Pilot program trains Aboriginal students from oil sands area

As the Environmental Monitoring and Science division (formerly AEMERA) continues to move forward and establish itself as the provincial monitoring agency responsible for measuring, assessing and informing the public on the condition of Alberta’s environment, engaging with Aboriginal stakeholders to find meaningful ways to braid Traditional Ecological Knowledge into regional monitoring, has become a clear priority.

After listening and spending time with First Nation and Métis groups over the past several months, EMSD has identified lack of training as a key barrier preventing Aboriginal communities in the oil sands region from participating in environmental monitoring, and finding employment in the environmental services sector. In an effort to address this gap, EMSD is supporting the design and development of an Aboriginal environmental training pilot, led by Alberta Innovates – Technology Futures (AITF).

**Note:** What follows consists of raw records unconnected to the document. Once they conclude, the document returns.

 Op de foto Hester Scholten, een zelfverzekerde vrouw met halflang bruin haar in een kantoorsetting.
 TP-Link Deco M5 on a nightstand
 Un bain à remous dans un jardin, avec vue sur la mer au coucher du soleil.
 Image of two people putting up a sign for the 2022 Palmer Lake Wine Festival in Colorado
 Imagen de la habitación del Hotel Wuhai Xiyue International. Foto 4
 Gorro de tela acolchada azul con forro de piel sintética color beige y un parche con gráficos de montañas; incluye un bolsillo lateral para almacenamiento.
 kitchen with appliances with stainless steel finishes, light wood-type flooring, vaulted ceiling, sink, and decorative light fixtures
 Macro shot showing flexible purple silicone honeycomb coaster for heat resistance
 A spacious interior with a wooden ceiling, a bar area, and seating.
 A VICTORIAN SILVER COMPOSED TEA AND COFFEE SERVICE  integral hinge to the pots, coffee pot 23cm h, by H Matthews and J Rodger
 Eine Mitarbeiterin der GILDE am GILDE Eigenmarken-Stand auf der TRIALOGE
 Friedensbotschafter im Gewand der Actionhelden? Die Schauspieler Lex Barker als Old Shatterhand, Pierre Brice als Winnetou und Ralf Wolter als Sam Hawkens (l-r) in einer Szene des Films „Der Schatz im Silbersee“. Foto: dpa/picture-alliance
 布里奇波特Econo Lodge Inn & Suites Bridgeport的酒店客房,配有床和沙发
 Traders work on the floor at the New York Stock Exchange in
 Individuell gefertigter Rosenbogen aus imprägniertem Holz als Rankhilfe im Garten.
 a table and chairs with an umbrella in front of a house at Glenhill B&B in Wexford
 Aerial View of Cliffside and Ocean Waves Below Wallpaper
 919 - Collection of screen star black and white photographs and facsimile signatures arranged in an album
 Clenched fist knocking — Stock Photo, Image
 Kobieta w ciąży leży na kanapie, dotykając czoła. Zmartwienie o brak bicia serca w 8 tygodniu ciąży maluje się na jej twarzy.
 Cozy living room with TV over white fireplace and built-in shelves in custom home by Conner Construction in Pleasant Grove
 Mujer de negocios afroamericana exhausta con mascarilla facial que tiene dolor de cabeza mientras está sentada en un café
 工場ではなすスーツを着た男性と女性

Fifteen students from eight First Nation and Métis communities from across the oil sands area have been selected through a recruitment process – which included over twenty nine applicants. The students will complete five full weeks of course time from August to December, 2015.

The training pilot is focused primarily on the topics of safety, wildlife, and surface water quality monitoring. The program structure is based on the previous experience of many training providers including AITF, and Eco Canada’s BEAHR Program. The safety courses being taught as part of this training pilot (defensive driving, swift water rescue, bear & wildlife awareness, among others) will result in the awarding of individual certificates, which will provide students with some of the credentials needed to proceed to higher education or, possibly, an environmental technical position. The ten safety courses being offered were selected based on EMSD’s standards for its own monitoring staff. The wildlife and surface water quality monitoring components of the training pilot are also being taught using provincial standards and protocols.


It is our hope that this training will be the next step in building up a reliable source of local, community capacity to help deliver regional monitoring activities. Bill Donahue explains, “As we engage with Aboriginal groups and communities, and endeavour to braid TEK into regional environmental monitoring, we have heard from several groups and communities that increased access to training is critical to local participation in environmental monitoring. The Aboriginal training pilot will provide Aboriginal community members with enhanced technical skills that will allow them to actively participate in local monitoring. We are very excited to work with our first cohort of trainees from the Lower Athabasca region.”

Instructors from the division, the Alberta Biodiversity Monitoring Institute (ABMI), AITF, and other certified training providers are providing training to the students.